Today is National Widows Day.
There is also something called International Widows Day.
The purposes of both of these days is to A: acknowledge widowed people B: be kind to widowed people C: spread awareness about how widowhood affects a persons life, and how, in some parts of the world, widows are even looked down upon or in danger.
So, I do understand why these days exist.
But, they also make me feel really awkward.
Like, “Hi, Im a widow. This is my day! Please be nice to me today. “
I feel as if perhaps I should put on my black veil, pet some cats, knit some afghans, and act extra weepy today.
What would be super cool is, if on this day, everyone would give me cake and cookies and things involving gravy and none of it would make me gain any weight and I could eat whatever I wanted the whole day because its Widow Day.

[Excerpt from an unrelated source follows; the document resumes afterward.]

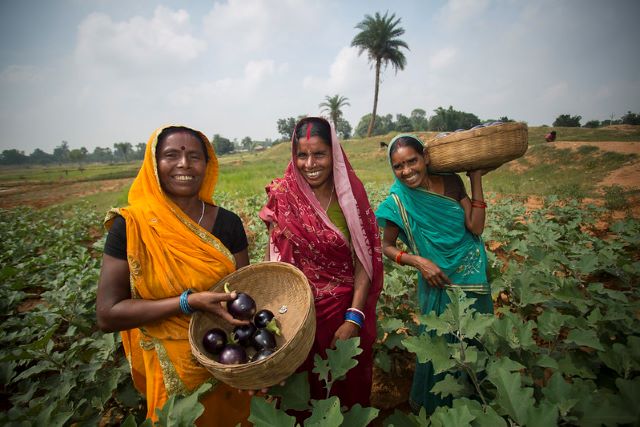 Farming Reform in India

Maybe people could toss cash my way, just because, and then I could take a trip to Italy or Australia like Ive always wanted.

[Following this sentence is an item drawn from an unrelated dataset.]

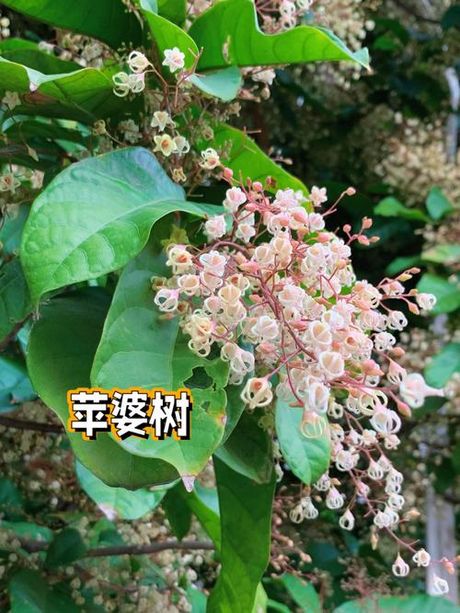苹风是什么意思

I wish we didnt need a Widows Day. I wish it werent necessary. I wish that people would just be nice to widowed people and acknowledge us every day, because thats a really nice thing to do. And some people do. But others dont. Others will still always tell us to get over it and move on, and why arent you better yet, and all that fun stuff. Those people wont change their ways on National Widows Day. They will keep being insensitive and rude, and speaking about things they dont really know about. Maybe we should have National Insensitive / Rude People Day, where we get to call out all the rude people anonymously, and they would all be forced to take a course in how to treat people better.
But thats not a thing. Widows Day is a thing.
I dont know what the point of this post is.
Happy National Widows Day.
ps. I should at least get a paid day off!